Buying and selling on Sunday had been banned in the UK by the Shops Act 1950, but after the accession of the UK to the European Economic Community, the ban may have been in breach of Article 30 of the Treaty of Rome as amounting to an unlawful restraint on the free movement of goods.

Following the defeat of a bill to enable widespread Sunday trading in April 1986, compromise legislation was introduced in July 1994 in England and Wales, coming into force on 28 August 1994, allowing shops to open, but restricting opening times of larger stores i.e. those over 280 m2 (3,014 ft2) to a maximum of six hours. Most shops that open at all on a Sunday in the UK open 10am-4pm.

Shops in Scotland, where Sunday trading was already fully deregulated, retained the right to open at any time.
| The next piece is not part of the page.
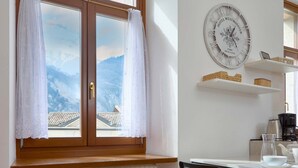 Ein Zimmer mit Holzfenster, weißen Vorhängen, einer Wanduhr, einem Tisch mit Kaffeemaschine und Blick auf die Berge.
However the right for workers in Scotland to refuse to work on a Sunday was later conferred by the Sunday Working (Scotland) Act 2003.

The Sunday Trading Bill had met with considerable opposition from the Lord's Day Observance Society and other groups such as the Christian Keep Sunday Special and the shopworkers' trade union USDAW. However USDAW finally agreed to support 6 hour Sunday trading in return for a promise that Sunday working would be strictly voluntary and premium pay would be offered. This decision played an important role in encouraging many Labour MPs to back the bill in a free vote-without this it would almost certainly have failed.